Grafiti daubed on the Cenotaph in London during protests at the weekend has been removed.
Veterans and serving soldiers came together to help scrub graffiti off the Cenotaph on Whitehall, in Central London, on Monday morning.
"This is hallowed ground," said former soldier Matt.
"We come here, we pay our respects. This is a monument which stands here for everyone, all colours, all creeds.
"That includes black people, that includes the Sikhs, that includes the Gurkhas, the Fijians, the Irish, the whites, the Jamaicans, the Africans... all the other people who have served this country," he added.
Londoner Medina called the act "terrible" and "thoughtless".
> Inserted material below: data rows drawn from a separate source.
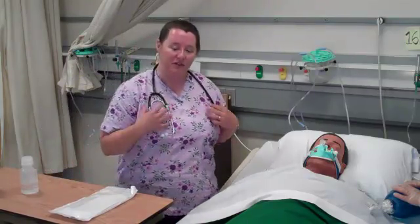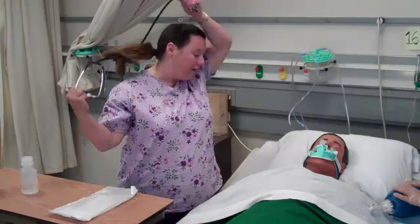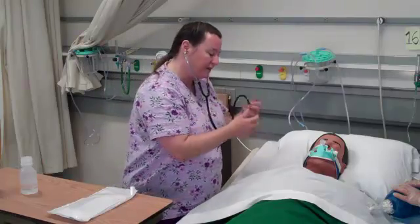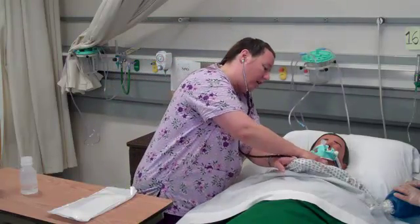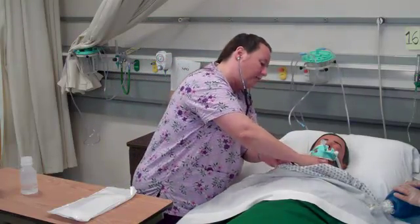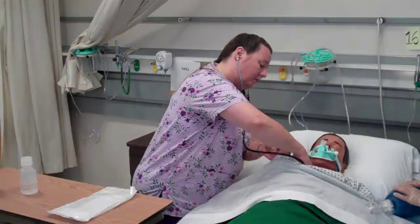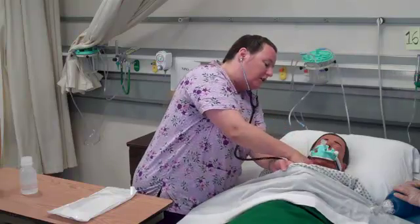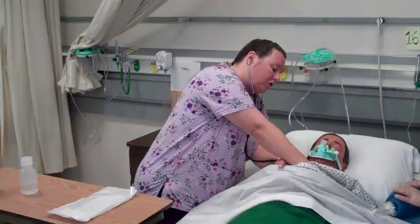Before I do any kind of procedure, I want to make sure I assess my patient. I'm going to use my stethoscope to auscultate for his breath sounds. I'm hearing adventitious sounds — I can hear rales, I can hear rhonchi, I can hear coarse breath sounds.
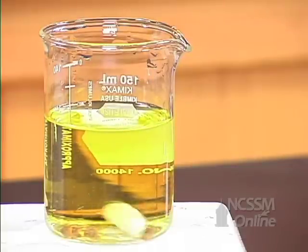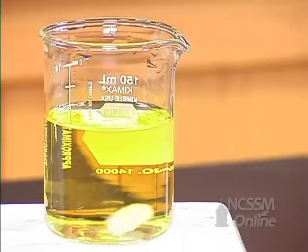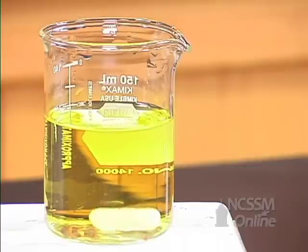The solution immediately turns yellow. The solution has turned fairly acidic. The pH has dropped rapidly.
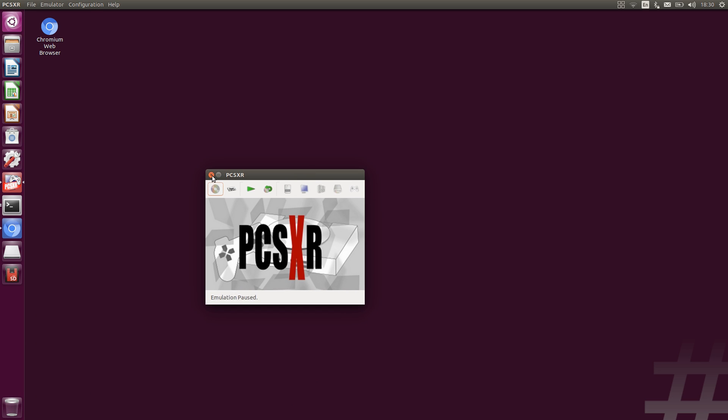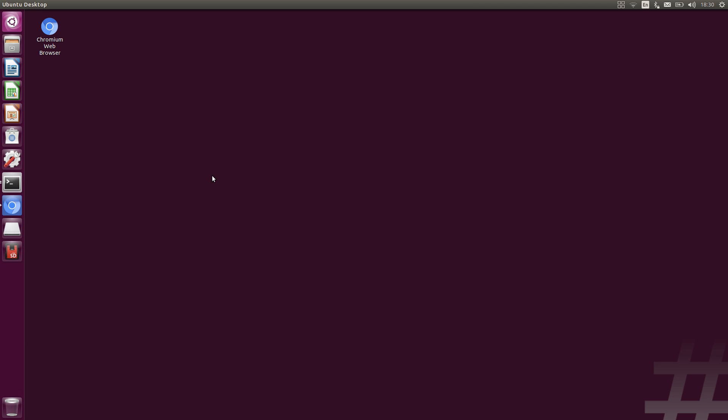Ubuntu running on the switch is great as a desktop computer — you can browse the web, work on documents, or whatever you want. Hope you guys enjoyed the video and found the information useful. If you did, please leave a like and subscribe. In the next video we're going to look at installing Android on the switch, which is great for portable mode — whereas Ubuntu is great for docked mode since you get a full desktop, Android is perfect for portable mode given how it's designed for touchscreens. Thanks for watching and I'll see you in the next one.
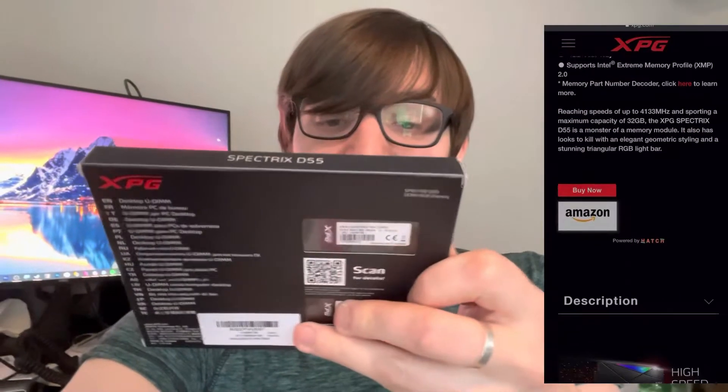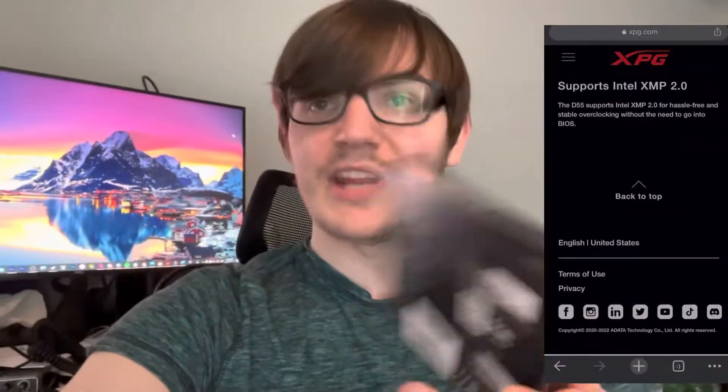Hey it's Joel and today we're gonna be taking a look at a package that I have received from Amazon.com. Here's what I got! XPG Spectrex D55 DDR4 RGB memory at 3200 megahertz, 32 gigs, 16 per stick.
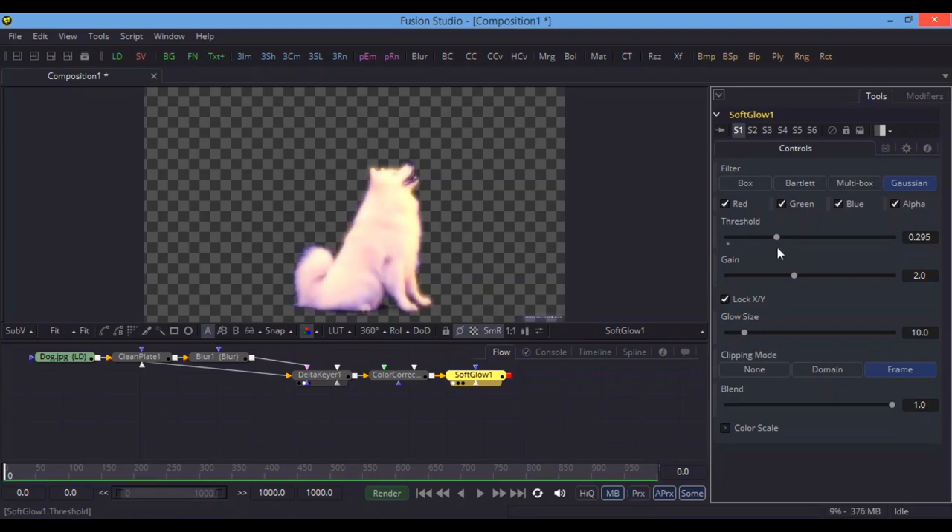Increase the threshold in Glow and also increase the size of the glow. The glow will apply on the whole image and will remove the sharp sharpness of the edges, making your image more realistic. Don't forget to use Glow or Soft Glow after doing green screen work — this is the perfect trick that almost all VFX artists use. You can increase the threshold value so it doesn't look too glowing, but as you can see a shadow is being created behind the object, making the image very realistic.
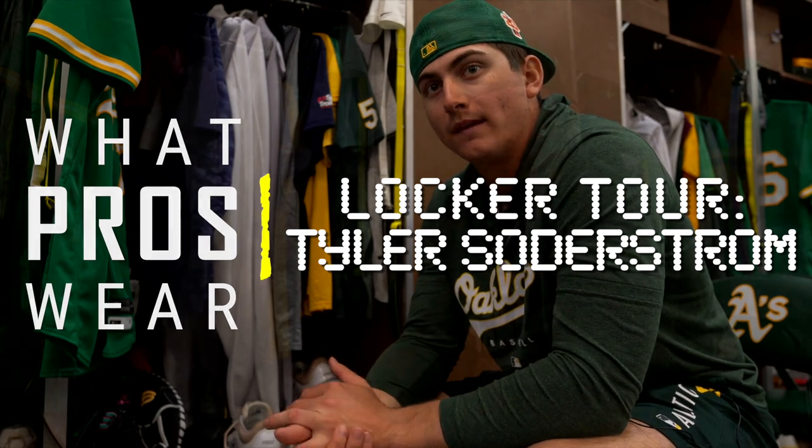What up, guys? It's Tyra Soderstrom. I'm playing for the Oakland Athletics. I'm a catcher and first baseman, and this is what I got in my locker. I'm going to start with my gloves, I guess.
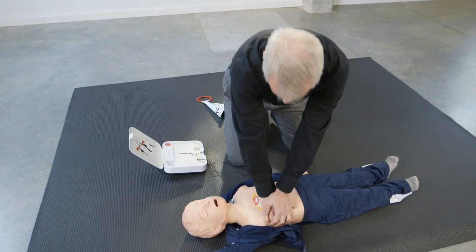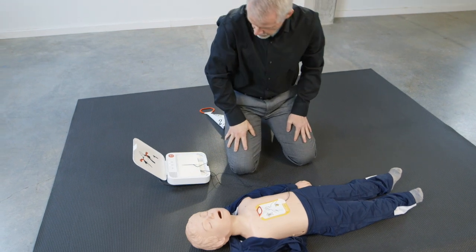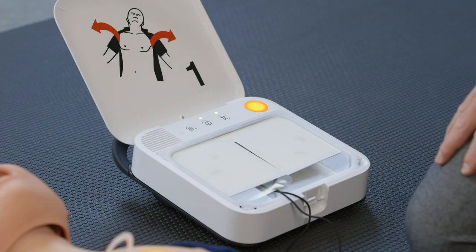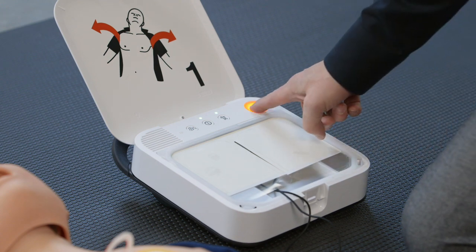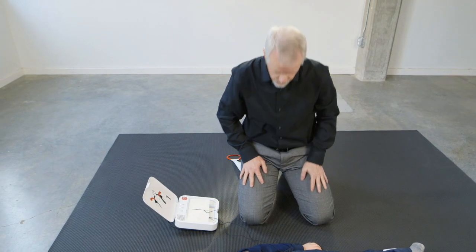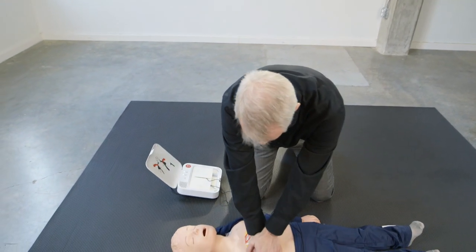Stop chest compressions. Everyone clear. Press flashing button. Shock delivered. Resume chest compressions. Push down deep.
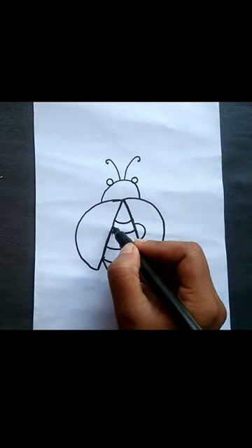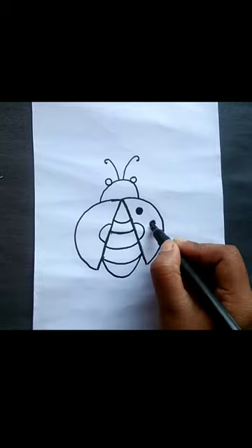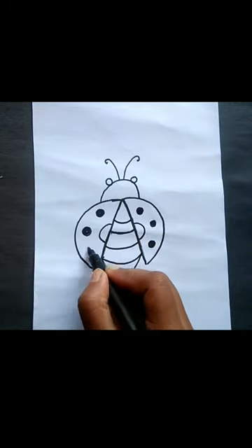Then draw a small C and a small inverted C, and finally draw six O's. Ladybug finished.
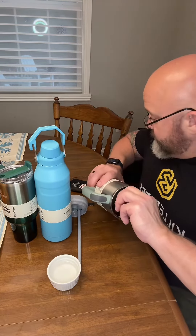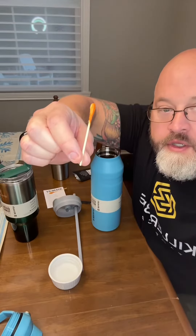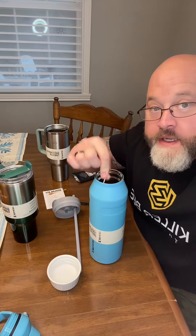I've got my three Stanleys. Rubbed it for 30 seconds — these are the colors it could turn if lead is detected. Still the same color. Next test subject, new stick, 30 seconds — still the same color. Last one — no change. No change on any of them.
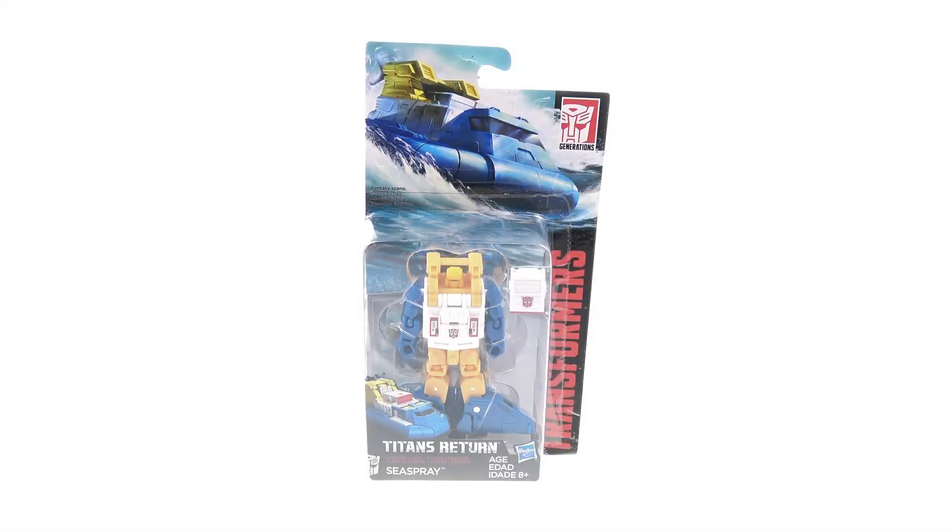What's up, you beautiful collectors! This is Optimus coming to you with another video review. On today's episode, we're going to be taking a look at the new Transformers Titans Return Legend Class Seaspray.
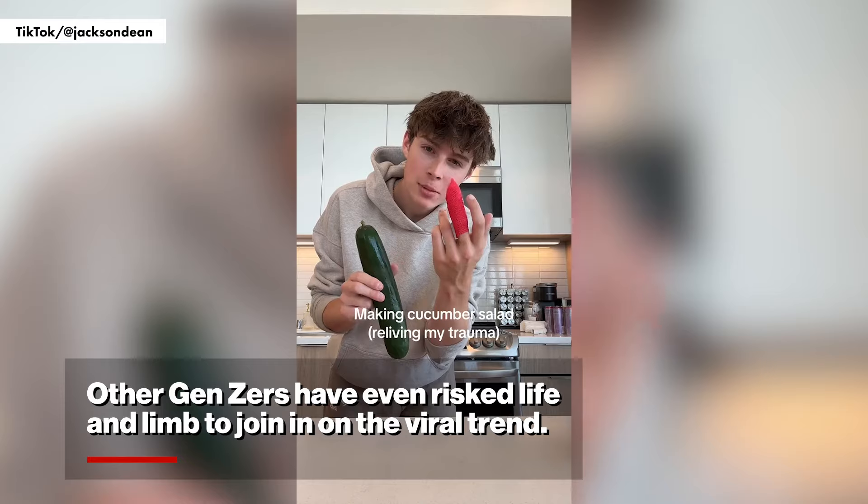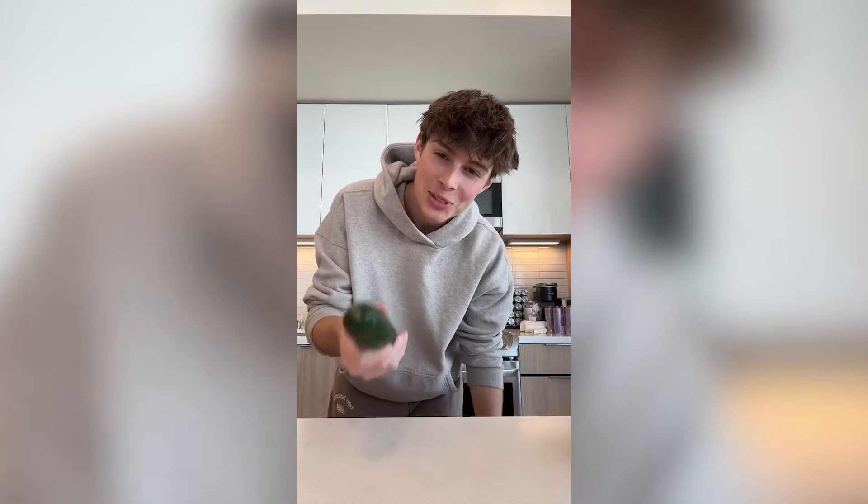It's been a few days now since I chopped the tip of my finger off trying to make the cucumber salad, but today I'm trying it again.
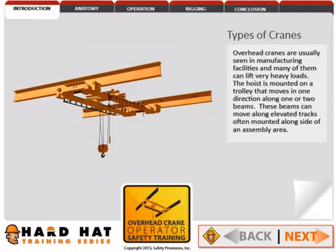Overhead cranes are usually seen in manufacturing facilities, and many of them can lift very heavy loads. The hoist is mounted on a trolley that moves in one direction along one or two beams. These beams can move along elevated tracks, often mounted alongside of an assembly area.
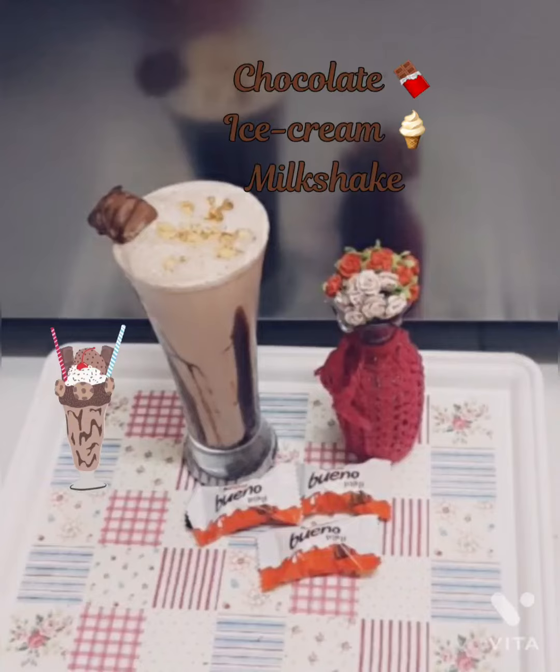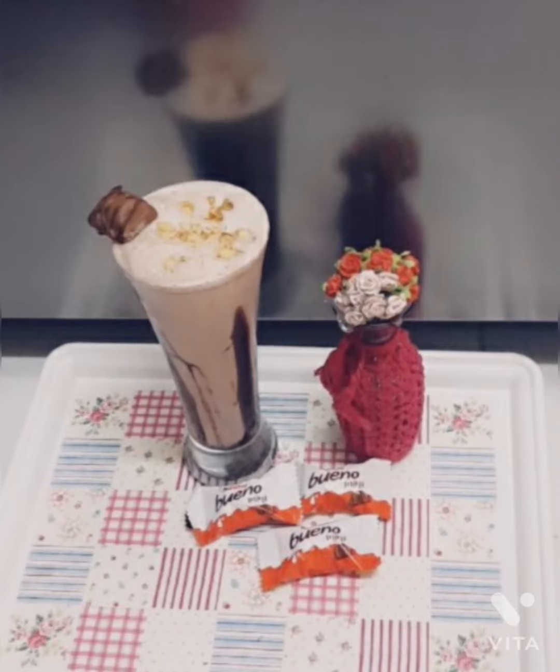Hey guys, welcome back to my channel! Today we are going to make a very easy and yummy summer drink: chocolate ice cream milkshake. Let's start, and don't forget to like, share, and subscribe.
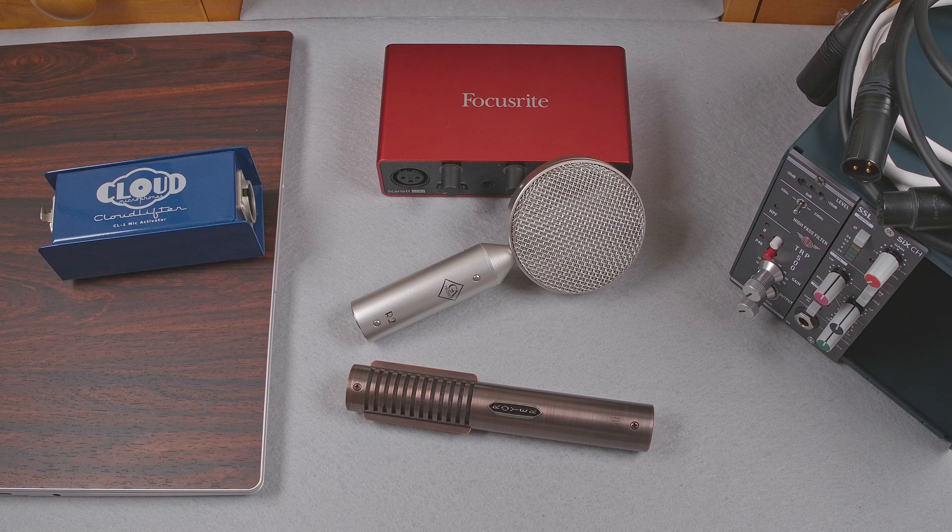The second consideration is a little less obvious. Ribbon microphones have a relatively high output impedance. And if your preamp has too low of an input impedance, the two can be roughly the same, which can affect the frequency response of the microphone.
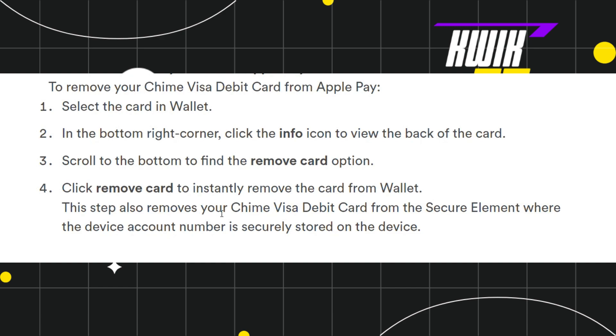This also removes your Chime Visa debit card from the secure element, where the device account number is securely stored on the device. So this is how you can easily remove your Chime Visa debit card from Apple Pay.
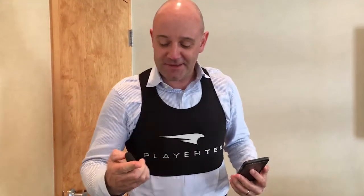I'm also wearing my favourite Playtec bra — I'm manly enough to wear that, or the bro as we like to call it. This holds the device in place on my back so we can get optimum reception and it's secured.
"I think that defeats the object," she said.
"What you should be doing is standing in silence, because it's where people have died.
"We were all part of the war, we all rebuilt the country... our parents were part of the Windrush, so that's the lack of respect.
"So, again, whoever [has] done that - you have no respect and we won't get anywhere if you do things like that," she added.
The UK has seen a raft of protests sparked by the death of George Floyd while in police custody in the US.
In London, 15,000 people took it to the streets to show solidarity with the Black Lives Matter movement.
For the most part, protests were peaceful.
However, eight police officers were injured as bottles and other objects were thrown and 12 people were arrested for disorder offences.
Statues, including one of Winston Churchill in Parliament Square, were defaced.